Emerging from one of the deepest and longest down cycles in its history, the energy industry saw and heard its ambition and optimism on display at the annual University of Oklahoma Energy Symposium, sponsored by the OU Energy Institute and held in late March in Oklahoma City. The theme was “Preparing for the Future of Energy, Thriving in Complex and Uncertain Times.”
Daniel Pullin, dean of the Michael F. Price College of Business at OU, opened the symposium on a positive and progressive note. “There is more to energy than just extracting hydro-carbons from the ground. We are not stopping. While others are tapping the brakes, we are pushing the accelerator,” he said.
Putting a perspective on the vast changes the industry has undergone in just the last few years, keynote speaker Kenneth Hersh, CEO of the George W. Bush Presidential Center and co-founder and advisory partner of the major private equity firm NGP Energy Capital Management, said, “I’m always nervous saying ‘This time is different,’ but this time is different, at least for us.”
As a direct result of the unconventional development bonanza, oil and gas have moved from a history of scarcity to an era of abundance. To underscore how different the industry has become, Hersh noted dryly that there are no more dry holes. The exploration part of E&P has all but vanished. “There is no more E in E&P. People are not finding and prospecting. All that front-end stuff doesn’t really exist any more, at least not in the U.S. and Canada.”
The new reality in global oil and gas markets, Hersh stated, is that “your oil and gas have to compete with that of others like it’s breakfast cereal. So you have to know your customers [and their needs]. You have to consider price points and supply chain. You can produce what-ever you want, but so can your competition. You used to have to go where the oil is. Now, it is a matter of wanting to go. Angola or West Texas? It’s like real estate. Do you want to build in Oklahoma City or Tulsa? Dallas or Fort Worth?”
With a big smile, Hersh offered a hearty, “Congratulations! You and your industry are now just another business, like everyone else. Welcome to the party! You don’t have to con-sider below-ground risks much any more, but you have new above-ground risks. And not just mechanical and operational costs, environmental compliance and tax. You have to be concerned with corporate culture. That was never a worry. It used to be if you had a geologist who could find oil, it didn’t matter if he was the biggest jerk in the industry.”
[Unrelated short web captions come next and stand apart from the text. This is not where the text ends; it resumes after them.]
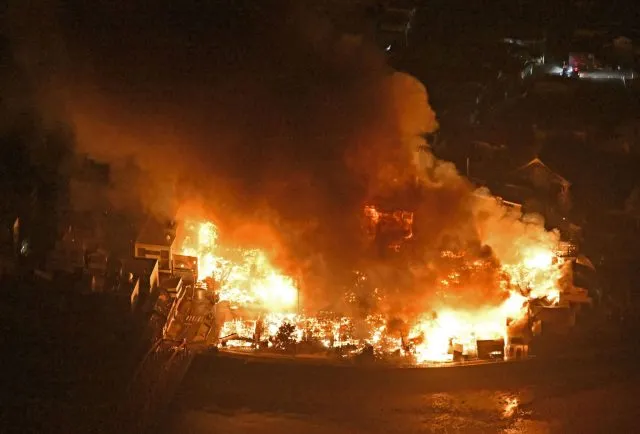 Eine Serie starker Beben an der Westküste Japans hat am Neujahrstag Warnungen vor Tsunami-Flutwellen ausgelöst und Schäden verursacht. In Wajima brach ein großes Feuer aus.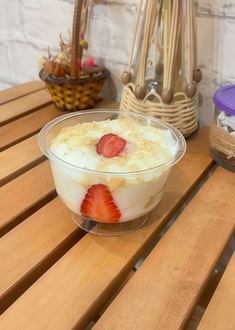 Çilekli Mag görseli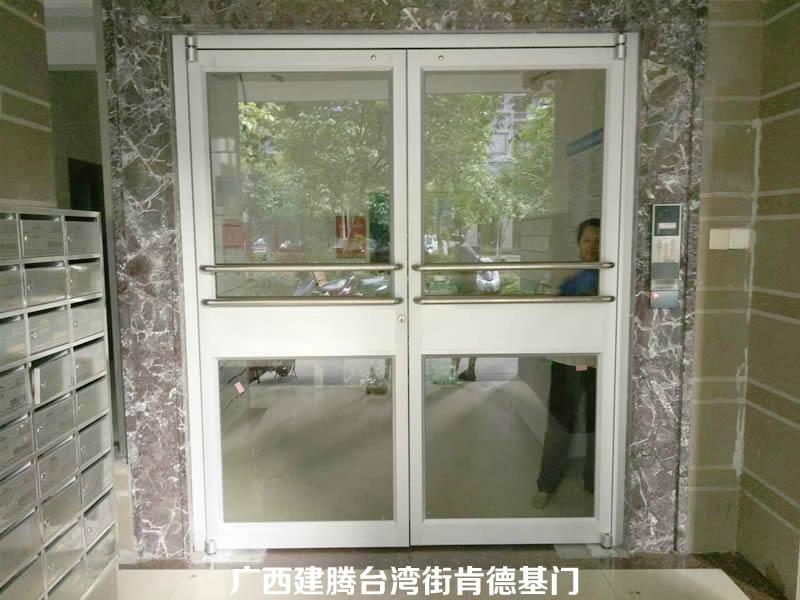 南寧鋼化玻璃推拉門 3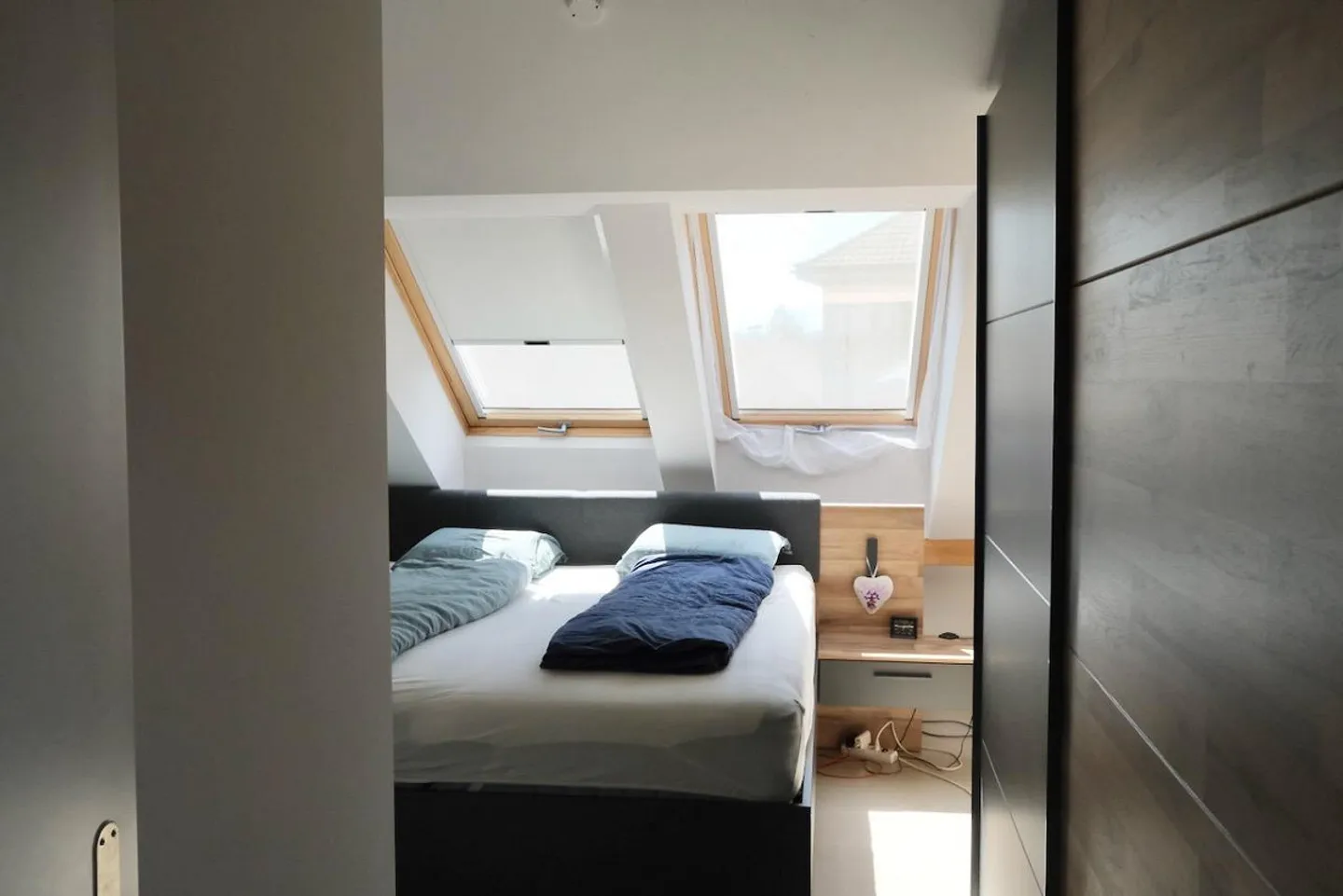 Maison individuelle en rangée spacieuse de 5,5 pièces avec jardin privé - Photo 9 sur 16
As a cautionary tale, Hersh said: “Nigeria had customers for their light oil. Then along came the people in this room. Nigeria had no relation-ship with their customers, so their customers went elsewhere. Now, they are scrambling to sell their light oil. So, yes, now you have to know your customers. We are now a global business all around, exporting and importing crude and refined products. We are international players.”
Hersh cited another example of the new global business reality for energy. “The Saudis did battle with the entrepreneurs in this room and lost. So there was a production cut, which was called an OPEC cut, but fewer than half of the producing countries that agreed to the cut were actually members of OPEC. So how is that anything other than the market deciding there was overcapacity? It was just like car makers or airlines all looking at the same market condi-tions and making their own decisions.”
Offering some insight that runs counter to common perceptions, Hersh said that “the Saudis get this. Can they go from 10 million barrels a day to 12? Maybe. Can they go to 20? No. That is why they are trying so hard to diversify their economy.” In contrast, “Venezuela is on the wrong side of the cost curve.”
Bringing geopolitics back to energy, Hersh expects that global demand for oil will continue to rise by 1- to 1.5 million barrels a year for the next 10 years. “There will be gains in efficiency that will cut demand in the developed world, but increasing demand from others will take up the slack.” As a result there will be continued incentive to produce and continued competition among producers. “Welcome to the party.”
100 million barrels a day
“The future of energy is going to be exciting,” said Bruce Stover, member of the Energy Institute board, and founding member and retired executive vice president of Endeavour International. “Demand for oil is 96.6 million barrels a day globally, and that is forecast to reach 100 million barrels a day by 2020, so adding roughly 1 million barrels a day of demand each year.”
James Smith, professor of finance and Cary M. Maguire Chair of Oil and Gas Management (retired) at Southern Methodist University, did not disagree with that outlook, but noted, “Demand certainly could get to 100 million barrels a day in three years, but with all the headwinds that global economic development has, even forecasting three years out is tough.”
Keeping to the globalist theme, Joe Stanislaw, founder of the consultancy JAStanislaw Group, quoted the Arab proverb, “He who foretells the future lies even if he tells the truth.
“Yes, this year the world will add a mil-lion barrels a day of demand. But that cannot be assumed for the future. Washington could be going back to the ’30s [in terms of protec-tionism]. Will there be a major incident in the Middle East? We just don’t know. Reaching 100 million barrels a day global demand for oil is plausible, but there could be roadblocks, not just headwinds,” Stanislaw said.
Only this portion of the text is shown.